いつも謙虚で控えめなのに、なぜか一目置かれる人がしていることとは? 世界で話題となり、日本でも20万部を超えたベストセラー『「静かな人」の戦略書』の著者、ジル・チャンが待望の新作を刊行。謙虚な人ならではの作戦を伝授する『「謙虚な人」の作戦帳――誰もが前に出たがる世界で控えめな人がうまくいく法』だ。台湾発、異例のベストセラーとなっている同書より、特別に内容の一部を公開する。

「境界線」を引いて、主導権を握る
たとえば、よく上司が夜にLINEを送ってきて、次の日の朝に、「昨日、既読になってたのに、なんですぐに返信しないの?」と訊いてきたら、誰だってうんざりするだろう。
でも相手は上司だ。どうする?
多くの国でのマネジメント経験を持つキャリアコーチ張敏敏(チャン・ミンミン)は、「境界線」を引くことを勧める。
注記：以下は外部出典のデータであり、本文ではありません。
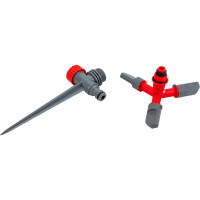 Разбрызгиватель 3-х лучевой вращающийся QUATTRO ELEMENTI 241-376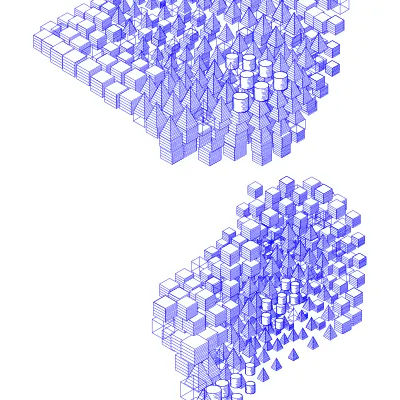 Shapes on a Plane - Blueprint #15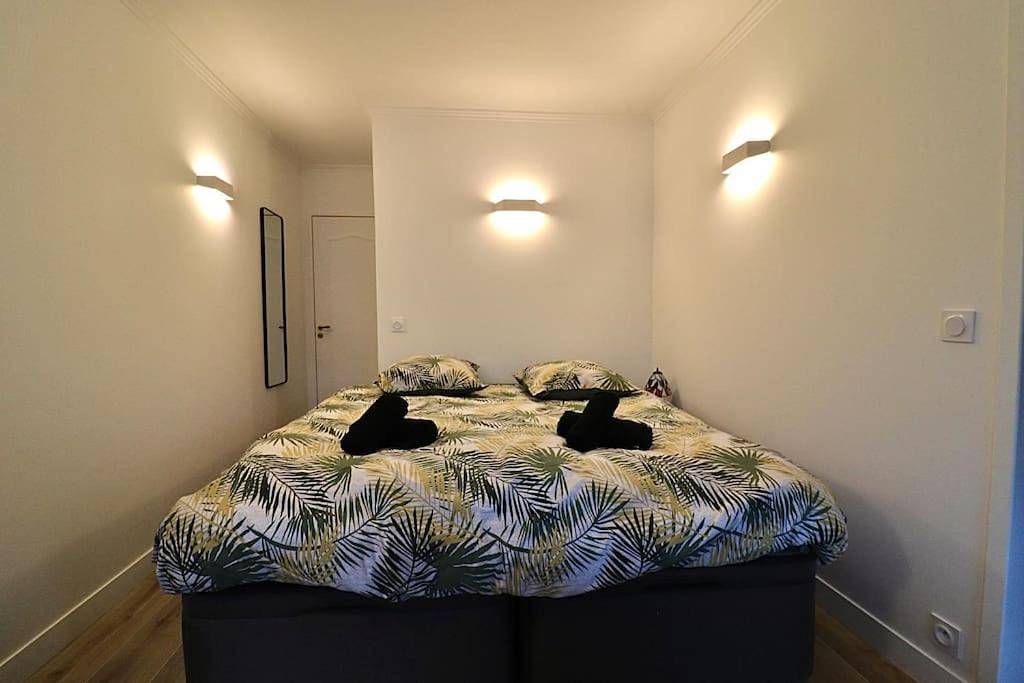 Appartement entier, 2 pièces avec balcon - Parking - Proche Versailles in Le Chesnay, Yvelines
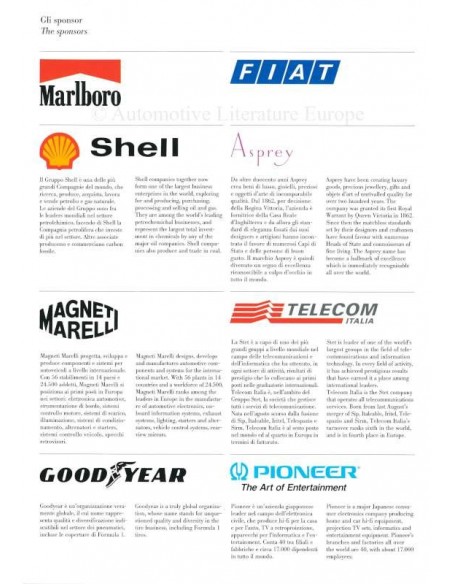 1996 FERRARI RACING PRESSEMAPPE ENGLISCH & ITALIENISCH 945/95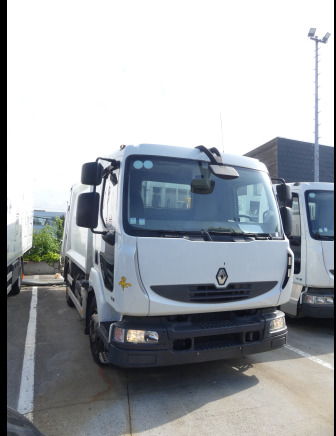 REF:68419 - Camion poubelle Renault Midlum 180DXI (2013-150.066 km) - Benne à ordures ménagères: photos 2 REF:68419 - Camion poubelle Renault Midlum 180DXI (2013-150.066 km) - Benne à ordures ménagères: photos 2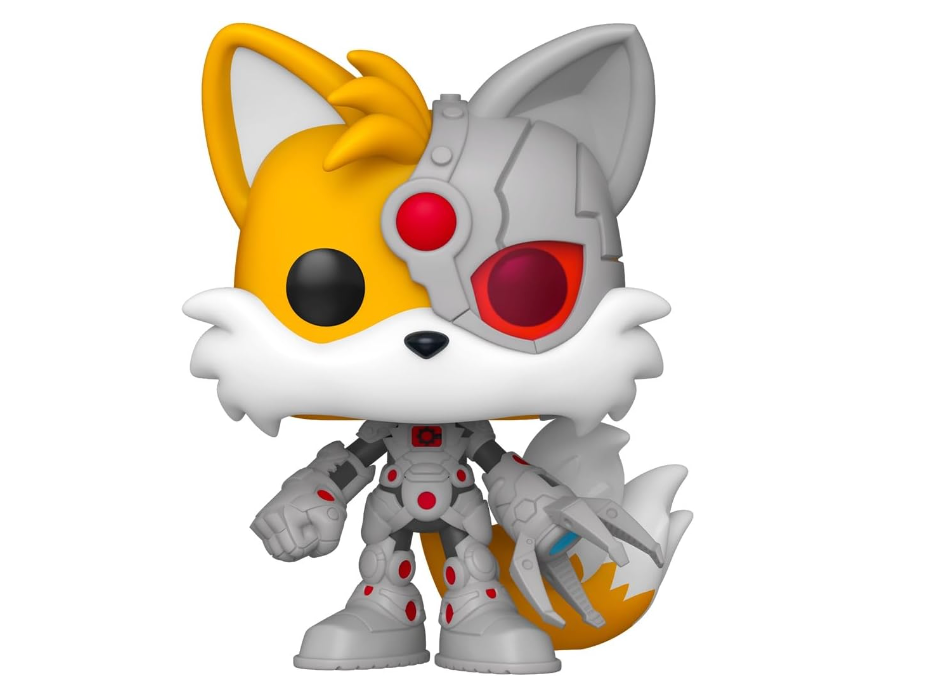 Funko Pop! Heroes: Justice League & Sonic - Tails as Cyborg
この場合なら、上司に「退勤後の連絡には、すぐに応えられるとは限りません。でも寝る前には必ずチェックするようにします。それで次の日に対応して、午前中にはご報告します。いかがでしょうか?」と話してみよう。
こうでもしなければ、毎度LINEを読んですぐに返信する羽目になるし、こういう働き方でも大丈夫なのだと勘違いして、上司はあなたに常時待機を期待するようになるだろう。
いったん同意して、「質問」する
議論の最中に、先輩風を吹かせたがったり、過去の功績を自慢したり、自分が輝いていた時代について延々と話し続けようとしたりする人がいる。
そんな相手には、あなたの時間と精神を守るために、境界線をうまく使おう。相手の話に同意したら、そこで境界線を引き、質問で話題を切り替えるのだ。
そうすれば話を断ち切れるだけでなく、話題を自分のベクトルに転換することができる。
たとえば、「たしかにむかしといまでは、まったく違いますね。では、先ほどお話ししたチャネルマーケティング・プログラムをサポートするのに、どのようなリソースがあると思いますか?」というように。
職場では、さまざまな人間関係に心が疲れてしまうことも多いだろう。境界線を引いて自分を守ることが、長期的にうまくやっていくコツだ。